Care, and how we do it, remains at the forefront of politics. Keir Starmer and his frontbench have highlighted a number of problems with the ‘plan’ for care set out by Boris Johnson last week. But the Labour leader used a speech to the Local Government Association on Saturday to offer some sense of an alternative from his party. He told those watching that Labour would ensure everyone has access to care, enshrine a principle of ‘home first’ in the sector, “champion independent and fulfilling lives for working age adults with disabilities” and deliver a new deal for care workers. He said his party would prefer to tax income gained from the assets, arguing the funding needed can be raised by taxing the incomes of landlords and those who buy and sell large quantities of financial assets, stocks and shares.
We got more detail from Jonathan Ashworth on Sunday. He used the politics shows to explain that Labour would fund social care via a community-first savings plan, as he identified four points of action. Labour would 1) “expand eligibility with a national framework”, with more people accessing care in their homes and thereby saving money; 2) raise standards for care workers, ensuring they are paid the real living wage, scrapping zero-hours contracts and investing in training; 3) provide “proper respite support” for the many carers who do not currently get any support; and 4) the party would develop a “plan for adults with disabilities”. The Shadow Health Secretary highlighted that think tank IPPR has said a home-first approach could generate £2.5bn in savings. He has also written to Sajid Javid over the weekend, warning that allowing those who self-fund their care to arrange this through their local authority has the potential to be financially disastrous for both care home providers and local authorities.
TUC Congress 2021 began yesterday. The annual gathering is taking place virtually this week, for the second year running. Frances O’Grady has written for LabourList on the role that unions reps, members and officers have played over the past 18 months. The general secretary will address congress at 11am. She is expected to warn that the UK must be better prepared for economic shocks and demand that Johnson deliver on his promise to ‘level up’ Britain: “If levelling up means anything, it must mean levelling up at work and levelling up living standards. Covid must be a catalyst for real change.”

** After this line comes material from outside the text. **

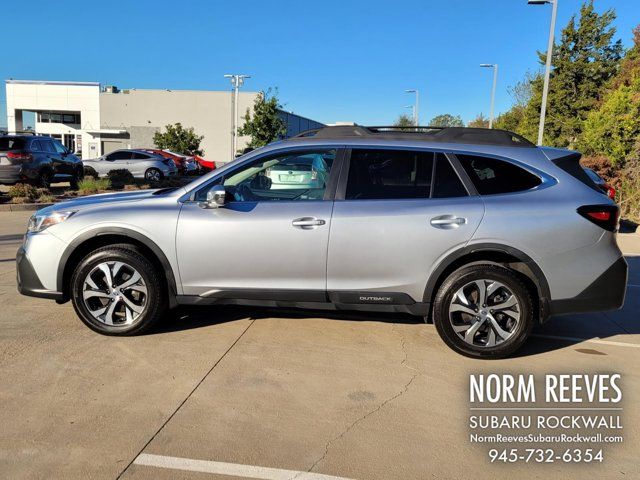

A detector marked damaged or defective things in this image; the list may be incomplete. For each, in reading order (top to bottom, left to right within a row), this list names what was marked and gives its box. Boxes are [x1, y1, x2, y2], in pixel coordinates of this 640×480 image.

pavement crack [115, 316, 255, 478]
pavement crack [294, 324, 420, 478]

Sharon Graham will also be speaking to congress this afternoon. The newly-elected Unite general secretary will tell those watching that it is time the labour movement is “reborn” with “no more political tail wagging the industrial dog”. Reflecting her “Westminster versus the workplace” campaign message, on which she was recently elected to lead the Labour Party’s largest affiliate, she is expected to stress the need for a “fighting back trade unionism” rooted in the workplace. “No politician is coming to save us,” she will say. “No Westminster project is going to deliver pay rises for our members or defend them from bad bosses. That is our job. We need to do it ourselves.”